(RECORDED INFORMATION)
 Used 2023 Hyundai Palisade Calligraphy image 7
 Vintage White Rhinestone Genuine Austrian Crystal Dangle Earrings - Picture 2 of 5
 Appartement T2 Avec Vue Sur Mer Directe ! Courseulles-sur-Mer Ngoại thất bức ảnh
(End RECORDED INFORMATION)
**WHAT TO PRODUCE**
Nothing in the listing may be left out; repeat it all exactly.

**PROBLEM SOLUTION**
 Used 2023 Hyundai Palisade Calligraphy image 7
 Vintage White Rhinestone Genuine Austrian Crystal Dangle Earrings - Picture 2 of 5
 Appartement T2 Avec Vue Sur Mer Directe ! Courseulles-sur-Mer Ngoại thất bức ảnh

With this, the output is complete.